Has the starting point of customer journeys moved?
Through a special arrangement, presented here for discussion is a summary of a current article from the blog of Nikki Baird, VP of retail innovation at Aptos. The article first appeared on Forbes.com.
In customer journeys, triggers make consumers aware they have a need. Part of the challenge with customer journeys is that triggers are not well understood.
I hear discussion of customer journey triggers that start with “she sees an e-mail that has a sweater she likes,” but that’s way too late. Waiting until a customer actually opens an e-mail to see what you’ve got is not that far in concept from starting a customer journey with “she walks into a store.” Really? How did she get there? Why did she decide to walk into your store in the first place? How did she end up with your e-mail? Why did she opt in to begin with?

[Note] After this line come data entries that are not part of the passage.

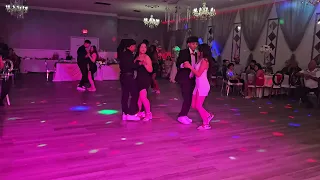 Quince Surprise Dance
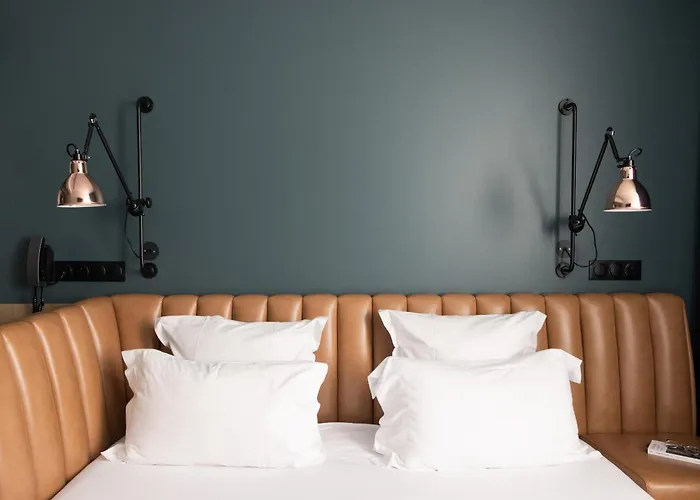 Hotel 1.75 Le Charme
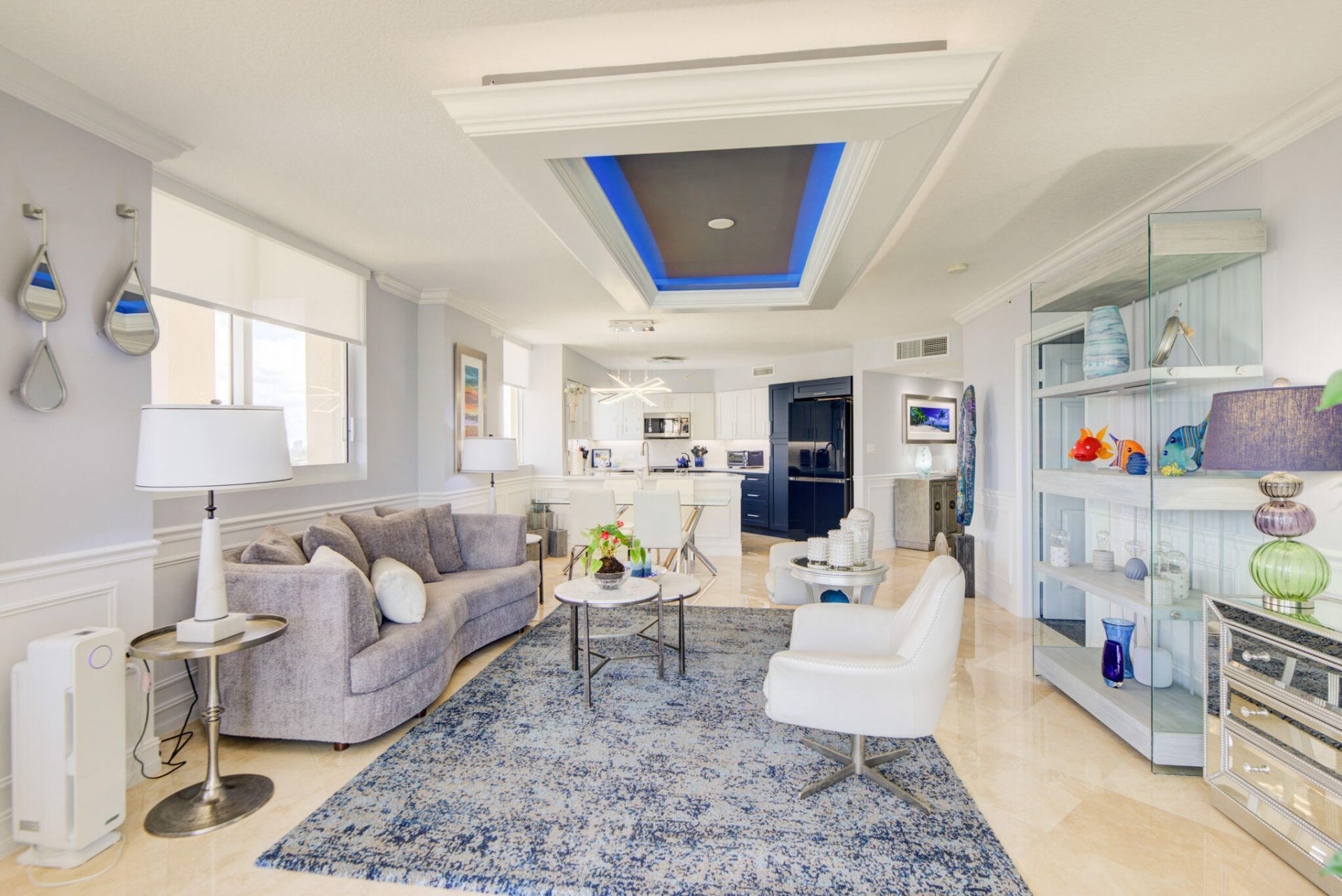 2001 N Ocean Boulevard, Unit Apt 1201, Fort Lauderdale, FL 33305 Photo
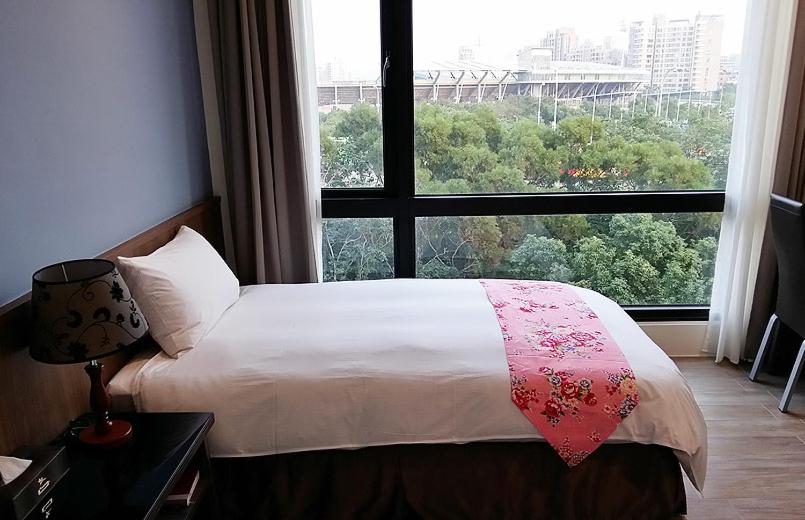 Standard Twin Room photo 3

Consumer behavior has shifted towards brands that stand for something. Consumers increasingly want to discover a brand doing something cool and meaningful, and become interested in the brand because of what it stands for as an introduction to the products that it sells. Triggers need to shift from a focus on a buying need to more “values resonance.” If a shopper likes you for what you stand for, they’ll see if they like the products you sell. That gets you on a mental list of companies to start with when researching a product, when that old traditional trigger or need comes around.
Rather than use the term “trigger” it might be more helpful to think of consumer objectives. Working from home, I’m always looking for comfy clothes that can, if matched with the jacket instead of the hoodie, pass for business casual when the need arises. That’s a general background objective. I have no trigger — I don’t “need” clothes in the traditional definition of a trigger as the awareness of a need. But I could be enticed to “want” something very badly, if it helps me achieve my objective.
Ultimately, we seem to have ended up in a place where retailers’ vision for customer journeys has stagnated, while customers have not stood still. Perhaps a new focus on “objectives” over “triggers” will get them back on track.
DISCUSSION QUESTIONS: Are triggers that start the customer journey frequently misunderstood and/or oversimplified? Have consumers’ relationships to brands changed in a way that are affecting what sets them off on journeys to purchase?